**What the task requires**
Copy each line from the data that has the word "pour" in it.

**Recorded information**
..............................
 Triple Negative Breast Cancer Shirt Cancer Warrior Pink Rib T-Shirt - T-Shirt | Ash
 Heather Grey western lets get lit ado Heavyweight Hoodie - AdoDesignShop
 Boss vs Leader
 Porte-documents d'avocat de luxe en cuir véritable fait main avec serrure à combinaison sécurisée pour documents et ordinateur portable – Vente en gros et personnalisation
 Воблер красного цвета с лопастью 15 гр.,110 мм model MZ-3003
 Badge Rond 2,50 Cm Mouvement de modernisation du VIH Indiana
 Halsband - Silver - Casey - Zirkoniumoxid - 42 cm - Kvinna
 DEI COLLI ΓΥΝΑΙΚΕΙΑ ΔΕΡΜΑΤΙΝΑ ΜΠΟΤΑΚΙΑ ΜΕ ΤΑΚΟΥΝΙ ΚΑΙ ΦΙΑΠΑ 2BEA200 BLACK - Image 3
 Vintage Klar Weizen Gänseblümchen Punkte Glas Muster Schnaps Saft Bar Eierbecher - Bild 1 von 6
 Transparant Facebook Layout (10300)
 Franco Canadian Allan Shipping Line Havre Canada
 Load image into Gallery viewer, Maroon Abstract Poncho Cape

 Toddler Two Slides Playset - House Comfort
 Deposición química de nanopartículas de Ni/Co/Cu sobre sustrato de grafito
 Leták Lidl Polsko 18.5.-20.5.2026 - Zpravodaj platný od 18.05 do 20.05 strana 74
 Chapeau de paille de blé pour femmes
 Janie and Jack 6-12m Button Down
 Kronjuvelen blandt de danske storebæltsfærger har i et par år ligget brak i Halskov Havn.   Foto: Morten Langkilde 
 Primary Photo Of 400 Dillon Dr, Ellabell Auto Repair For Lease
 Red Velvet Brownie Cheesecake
..............................
**Exercise result**
 Porte-documents d'avocat de luxe en cuir véritable fait main avec serrure à combinaison sécurisée pour documents et ordinateur portable – Vente en gros et personnalisation
 Chapeau de paille de blé pour femmes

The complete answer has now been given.